▸ SOURCE DATA:
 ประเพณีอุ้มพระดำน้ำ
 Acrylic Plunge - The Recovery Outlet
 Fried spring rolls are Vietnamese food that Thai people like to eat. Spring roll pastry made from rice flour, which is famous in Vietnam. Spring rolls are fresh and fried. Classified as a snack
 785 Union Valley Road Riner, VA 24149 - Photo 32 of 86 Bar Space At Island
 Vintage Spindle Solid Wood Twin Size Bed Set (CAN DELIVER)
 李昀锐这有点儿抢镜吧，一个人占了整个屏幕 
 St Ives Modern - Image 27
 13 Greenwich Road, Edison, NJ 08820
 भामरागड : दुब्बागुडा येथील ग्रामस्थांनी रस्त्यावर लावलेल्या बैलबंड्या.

▸ WHAT TO DO: Copy out each record above exactly, leaving nothing out.

▸ FINAL ANSWER:
 ประเพณีอุ้มพระดำน้ำ
 Acrylic Plunge - The Recovery Outlet
 Fried spring rolls are Vietnamese food that Thai people like to eat. Spring roll pastry made from rice flour, which is famous in Vietnam. Spring rolls are fresh and fried. Classified as a snack
 785 Union Valley Road Riner, VA 24149 - Photo 32 of 86 Bar Space At Island
 Vintage Spindle Solid Wood Twin Size Bed Set (CAN DELIVER)
 李昀锐这有点儿抢镜吧，一个人占了整个屏幕 
 St Ives Modern - Image 27
 13 Greenwich Road, Edison, NJ 08820
 भामरागड : दुब्बागुडा येथील ग्रामस्थांनी रस्त्यावर लावलेल्या बैलबंड्या.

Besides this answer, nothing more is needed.